TASK TO CARRY OUT - Starting at the line with "Gcds T-shirt met logo applicatie Zwart" and ending at the line with "Rolex Oyster Perpetual", print exactly the lines of the entries below. Pictures do not belong in the copy.
══ MATERIAL PROVIDED
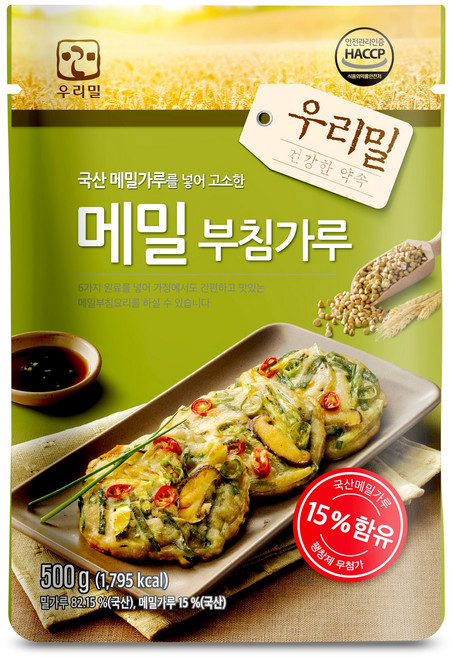 우리밀 국산 메밀부침가루, 1개, 메밀가루맛, 500g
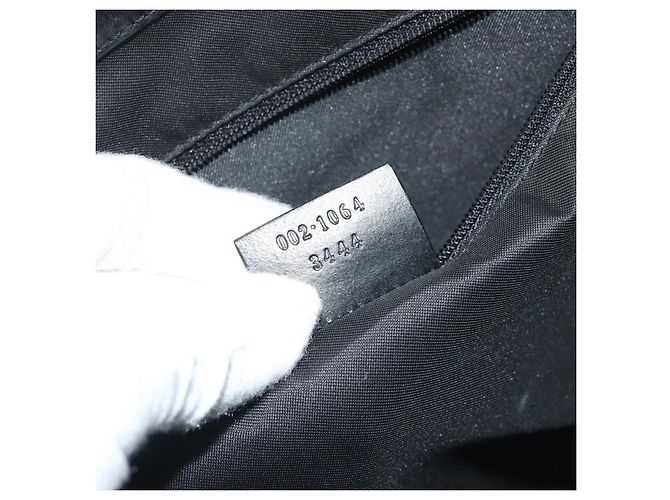 Borsa Tote GUCCI GG Canvas Nera Argento 002 1064 3444 Auth am12094V Nero - vista 11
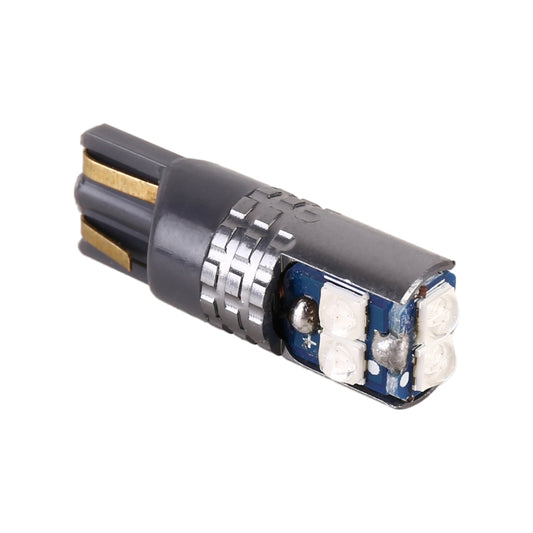 2 PCS T10 / W5W / 168 DC12-24V / 1.8W / 6000K / 140LM Car Clearance Light 4LEDs SMD-3030 Lamp Beads with Decoding & Constant Current (Blue Light) - Clearance Lights by buy2fix | Online Shopping UK | buy2fix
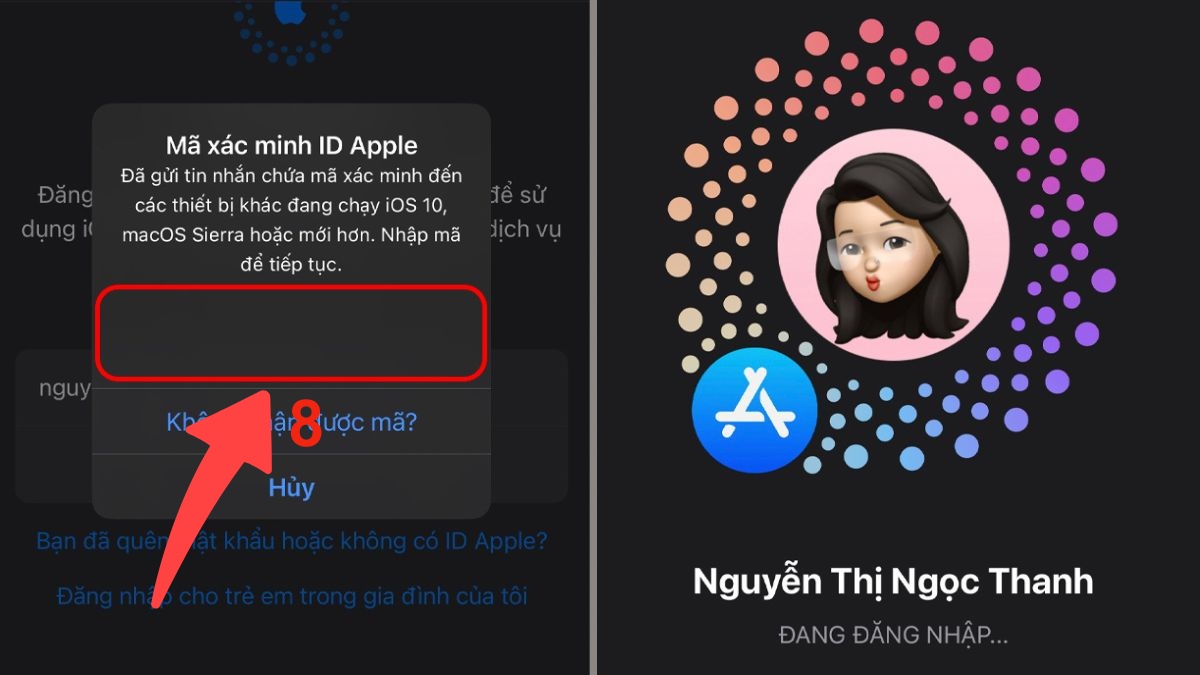 Đăng xuất, đăng nhập lại tài khoản khi App Store yêu cầu xác minh thanh toán - bước 4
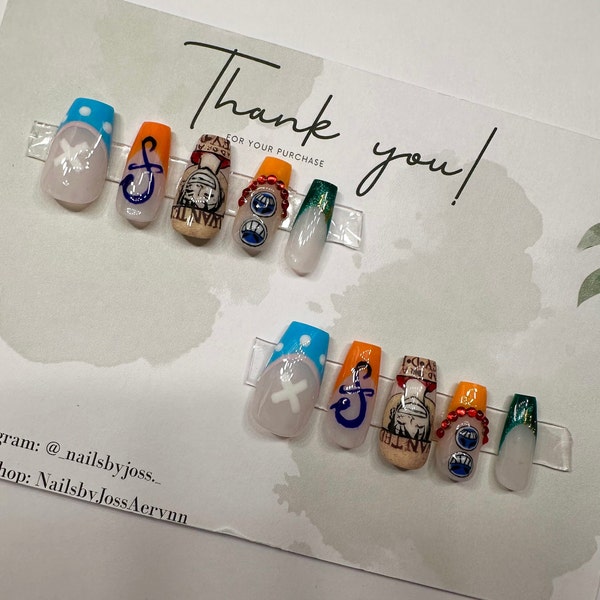 Anime Nails Etsy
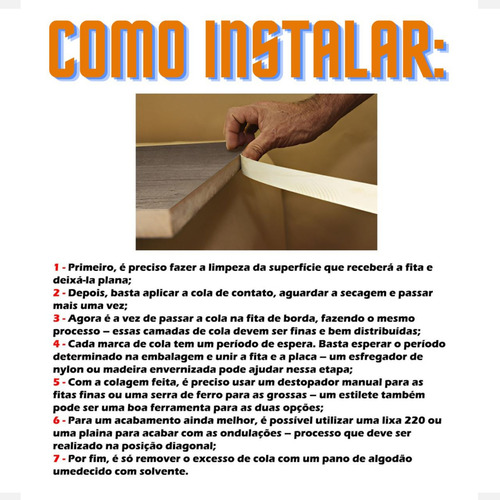 Fita De Borda Para Formica Azul Mediterrane 40mm X 20m Acaba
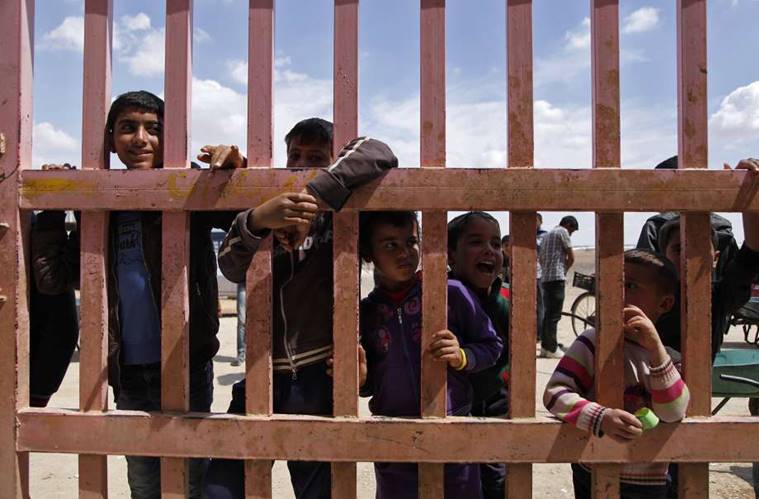 Syria, Jordan, Azraq Refugee Camp, UN, World news, Jordan security fears, Syrian refugees Jordan, refugee restrictions, U.N.-run camp, A barbed wire-topped fence, Syria Jordan, Azraq Refugee Camp Syria, Azraq Camp Jordan, Refugee Camp Jordan, Syria Refugee Camp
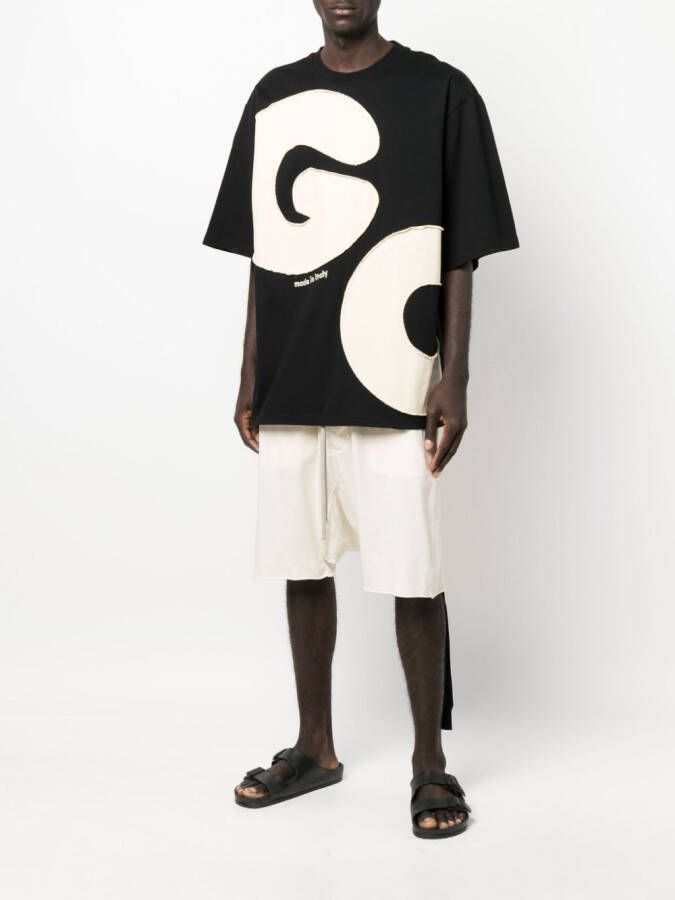 Gcds T-shirt met logo applicatie Zwart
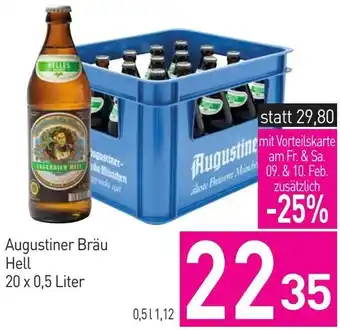 Sutterlüty Augustiner Bräu Hell 20 x 0,5 Liter Angebot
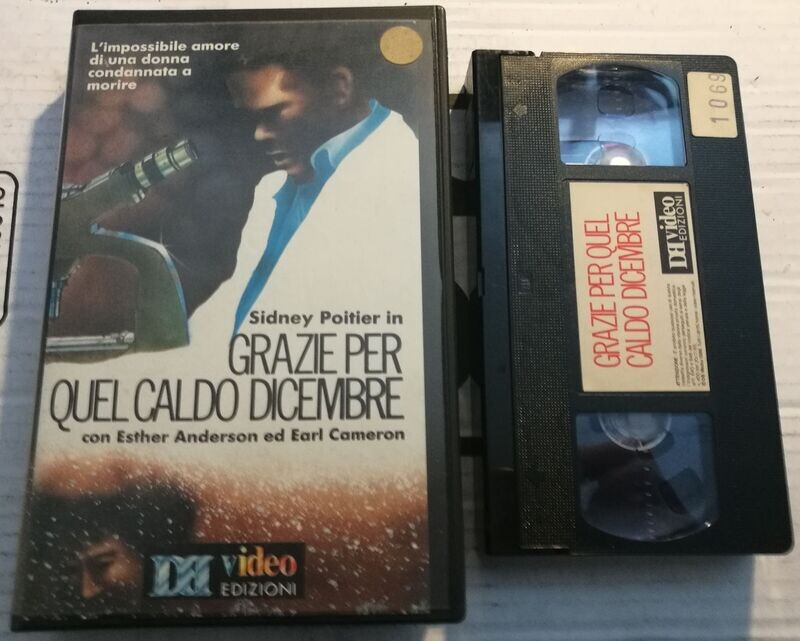 TeknoFilm - VHS – GRAZIE PER QUEL CALDO DICEMBRE di Sidney Poitier (1973) - DB VIDEO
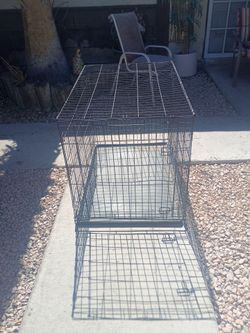 Large animal cage with tray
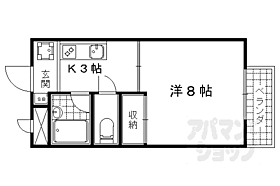 京都府京都市山科区安朱馬場ノ東町（賃貸アパート1K・1階・24.16㎡） その2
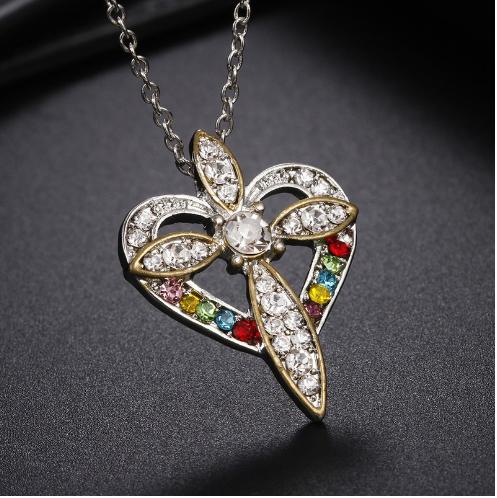 Fashion Love Heart Shaped Cross Pendant
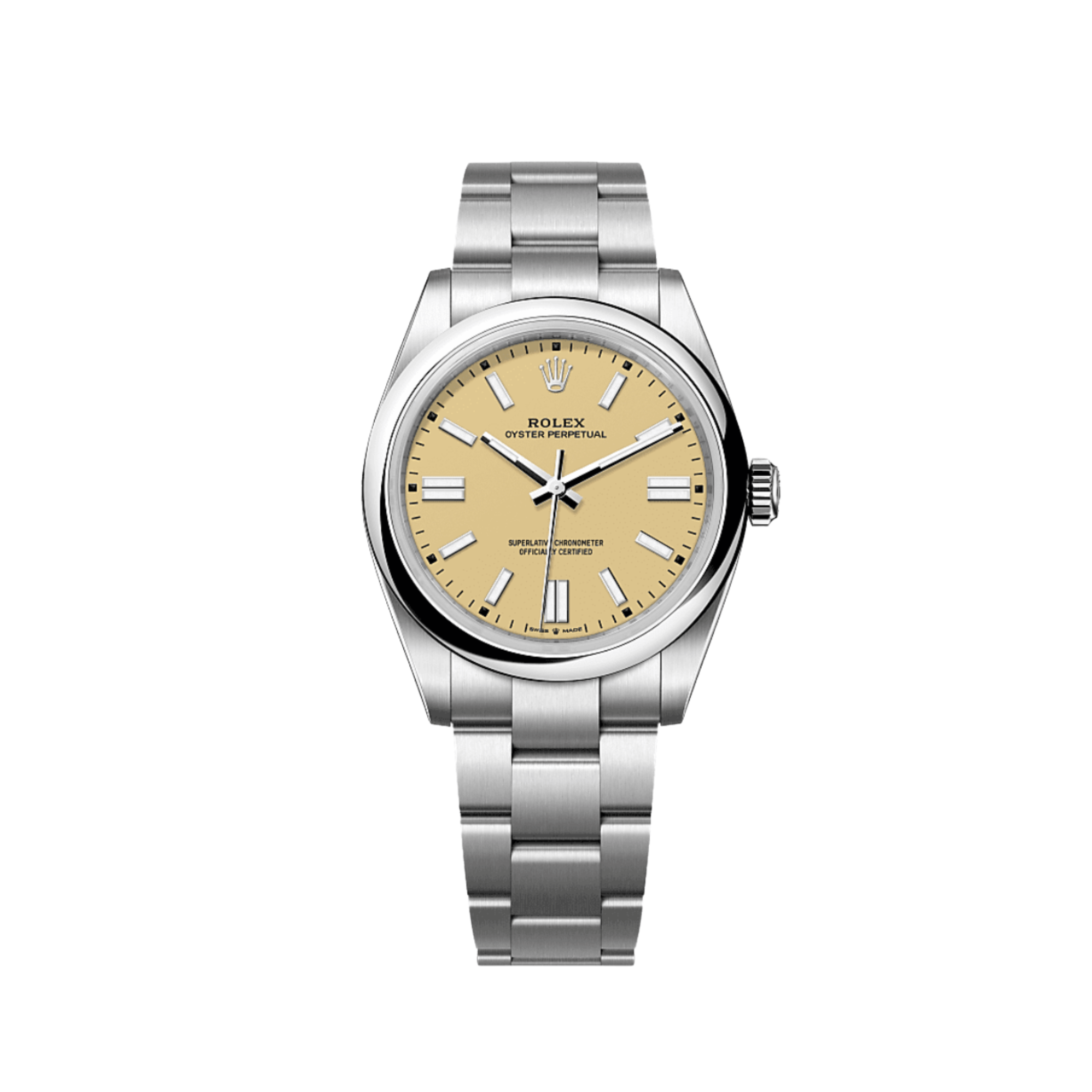 Rolex Oyster Perpetual 134300  Stainless Steel Dial Beige Dial (2025)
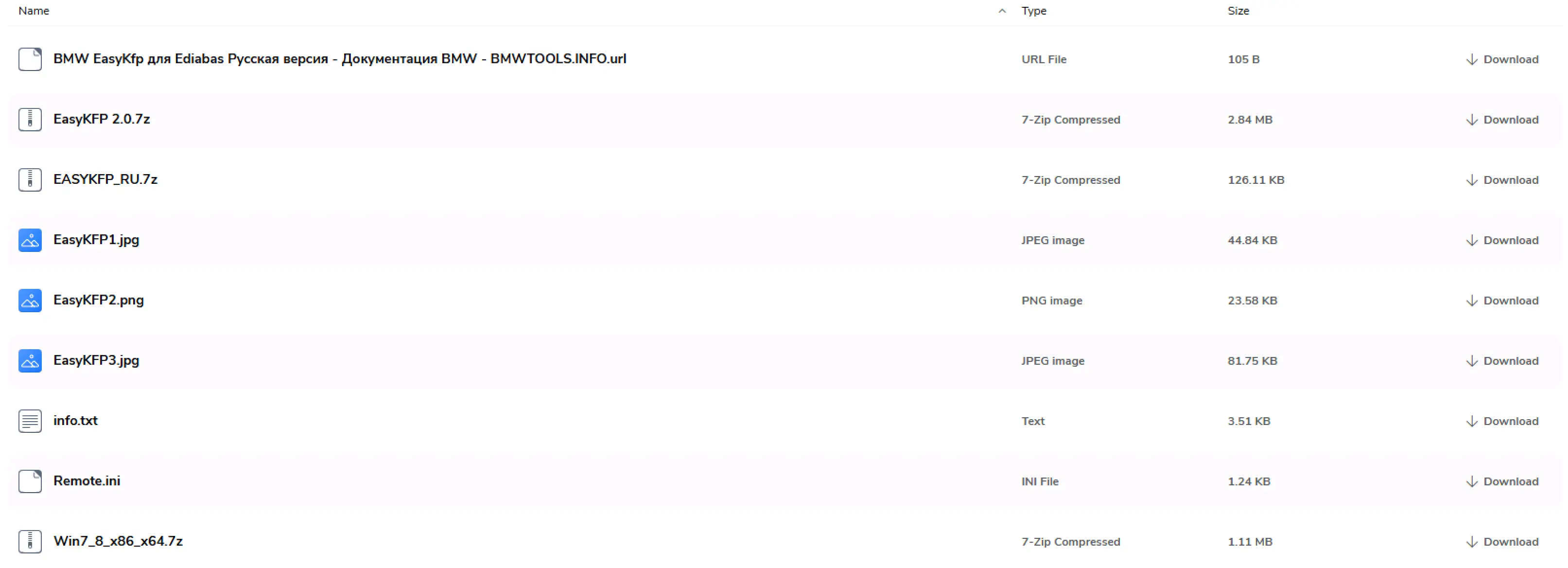 BMW EasyKFP 2.0 configuration screen illustrating interface mode options and EDIABAS remote settings for ICOM.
════
SOLUTION TO THE PROBLEM -
 Gcds T-shirt met logo applicatie Zwart
 Sutterlüty Augustiner Bräu Hell 20 x 0,5 Liter Angebot
 TeknoFilm - VHS – GRAZIE PER QUEL CALDO DICEMBRE di Sidney Poitier (1973) - DB VIDEO
 Large animal cage with tray
 京都府京都市山科区安朱馬場ノ東町（賃貸アパート1K・1階・24.16㎡） その2
 Fashion Love Heart Shaped Cross Pendant
 Rolex Oyster Perpetual 134300  Stainless Steel Dial Beige Dial (2025)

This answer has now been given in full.